BEGIN EXERCISE MATERIAL

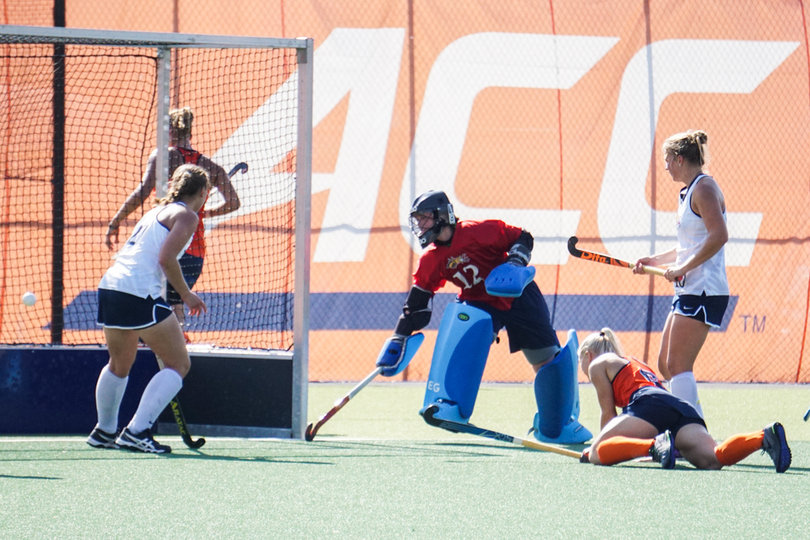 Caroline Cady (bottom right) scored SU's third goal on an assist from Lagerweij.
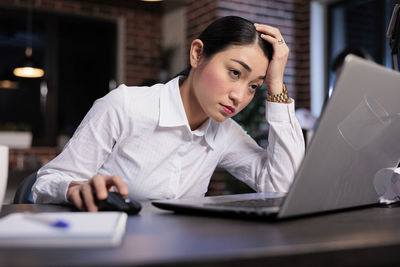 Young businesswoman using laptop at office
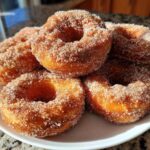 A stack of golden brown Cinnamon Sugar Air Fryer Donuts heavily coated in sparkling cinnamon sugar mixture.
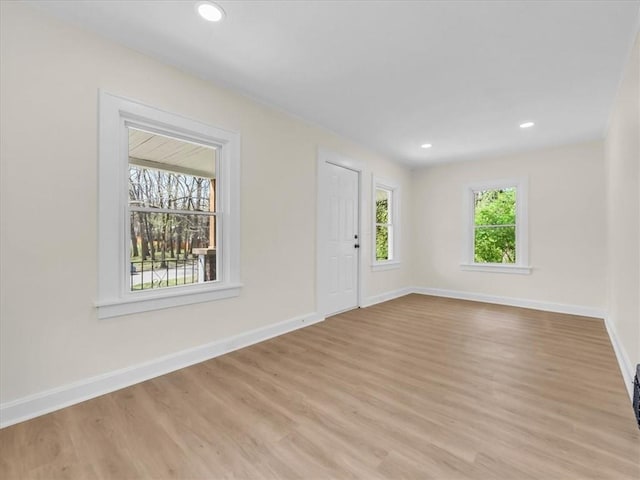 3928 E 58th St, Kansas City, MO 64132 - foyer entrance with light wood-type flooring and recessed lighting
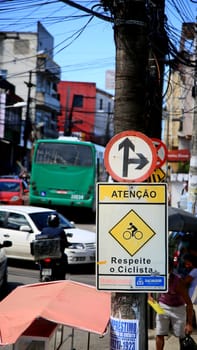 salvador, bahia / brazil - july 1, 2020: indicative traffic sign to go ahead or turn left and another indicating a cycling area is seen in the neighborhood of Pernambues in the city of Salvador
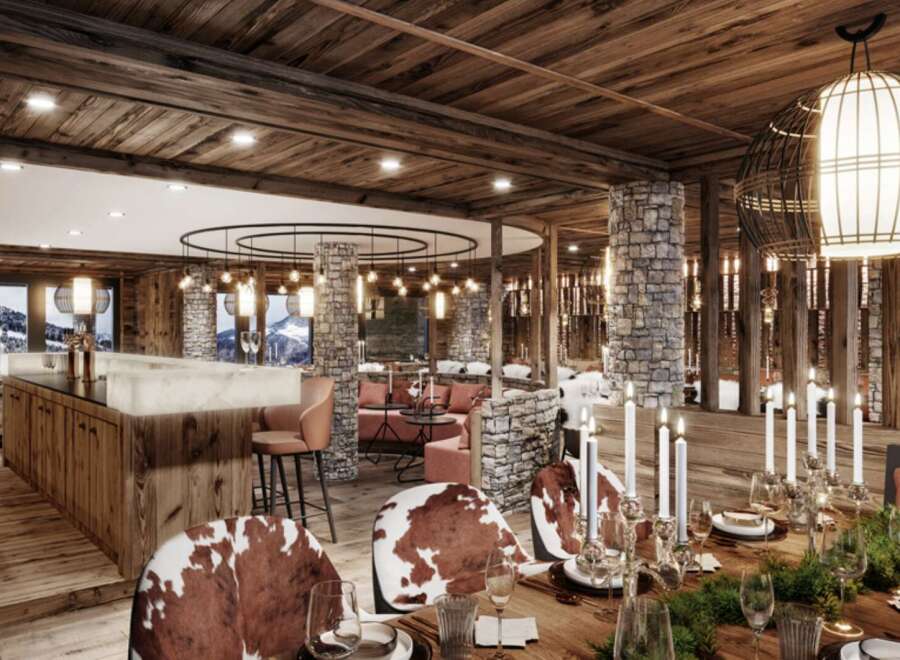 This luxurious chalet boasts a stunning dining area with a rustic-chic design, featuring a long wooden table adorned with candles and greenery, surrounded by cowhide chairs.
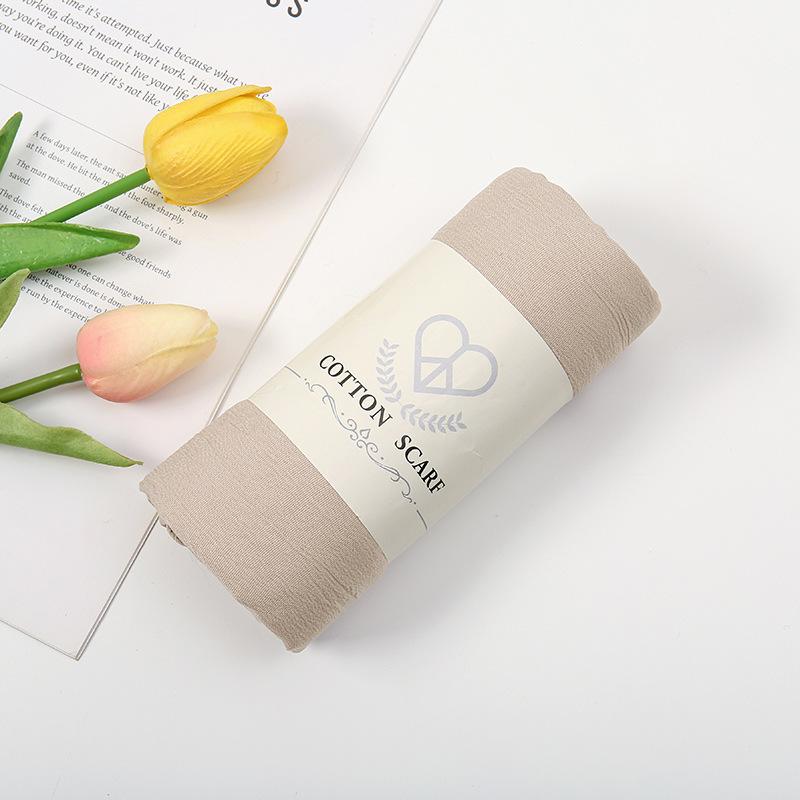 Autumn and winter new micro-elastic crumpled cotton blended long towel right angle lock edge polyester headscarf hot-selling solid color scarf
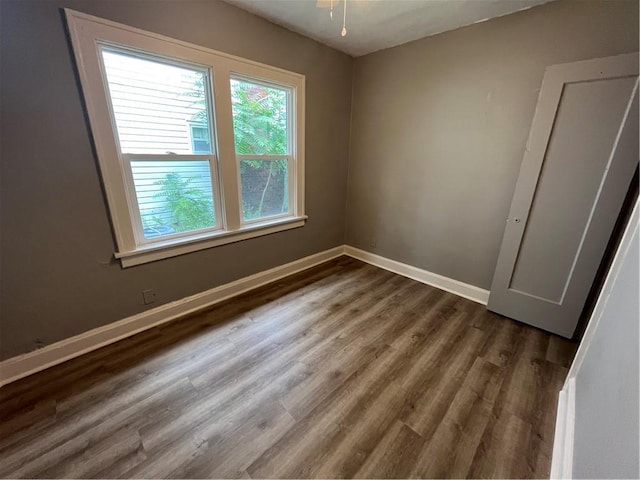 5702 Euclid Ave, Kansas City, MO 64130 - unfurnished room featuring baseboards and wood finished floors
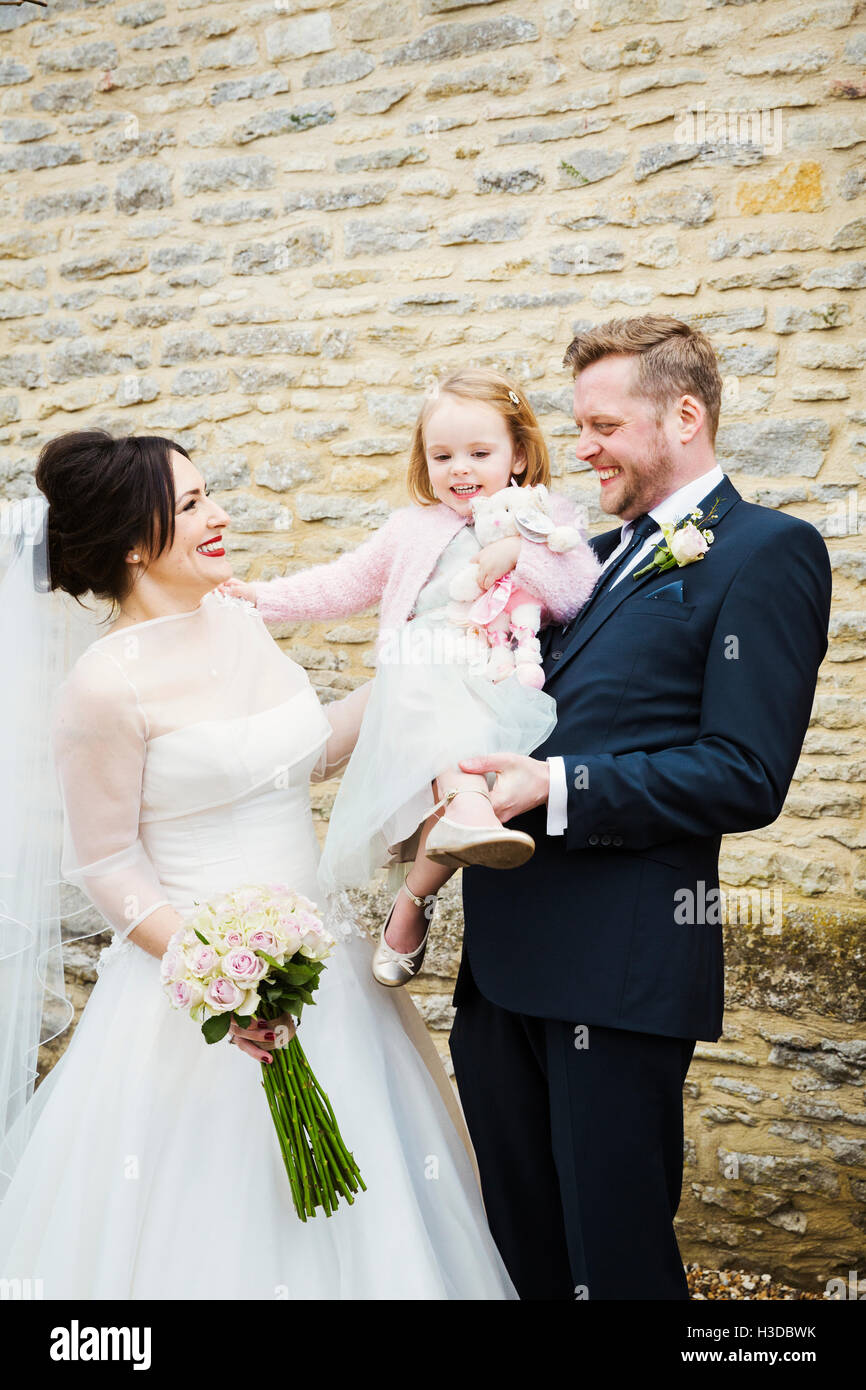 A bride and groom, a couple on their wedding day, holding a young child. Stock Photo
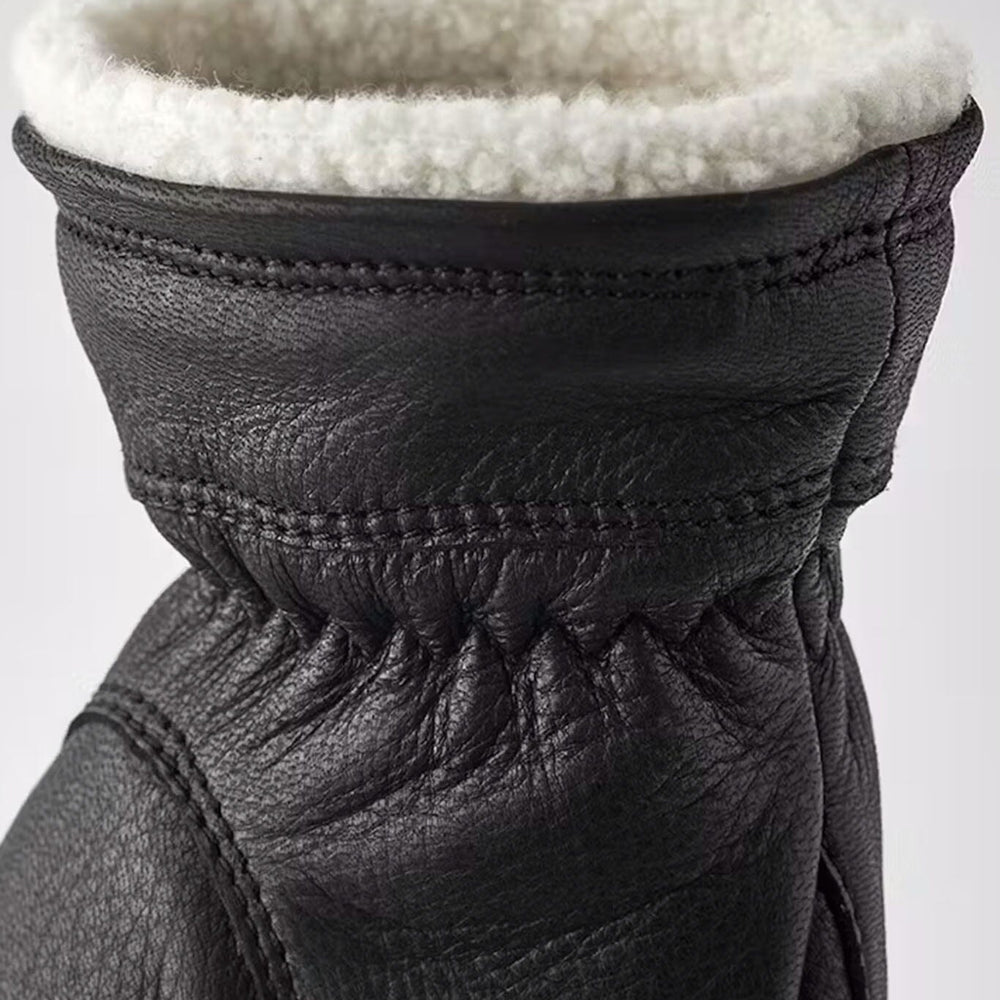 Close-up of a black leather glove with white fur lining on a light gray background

END EXERCISE MATERIAL

→ **AIM OF THE EXERCISE**
The material above holds pictures; leave them out. Repeat exactly the lines from the one containing "A stack of golden" through the one containing "A bride and", and nothing else.

→ **RESULT**
 A stack of golden brown Cinnamon Sugar Air Fryer Donuts heavily coated in sparkling cinnamon sugar mixture.
 3928 E 58th St, Kansas City, MO 64132 - foyer entrance with light wood-type flooring and recessed lighting
 salvador, bahia / brazil - july 1, 2020: indicative traffic sign to go ahead or turn left and another indicating a cycling area is seen in the neighborhood of Pernambues in the city of Salvador
 This luxurious chalet boasts a stunning dining area with a rustic-chic design, featuring a long wooden table adorned with candles and greenery, surrounded by cowhide chairs.
 Autumn and winter new micro-elastic crumpled cotton blended long towel right angle lock edge polyester headscarf hot-selling solid color scarf
 5702 Euclid Ave, Kansas City, MO 64130 - unfurnished room featuring baseboards and wood finished floors
 A bride and groom, a couple on their wedding day, holding a young child. Stock Photo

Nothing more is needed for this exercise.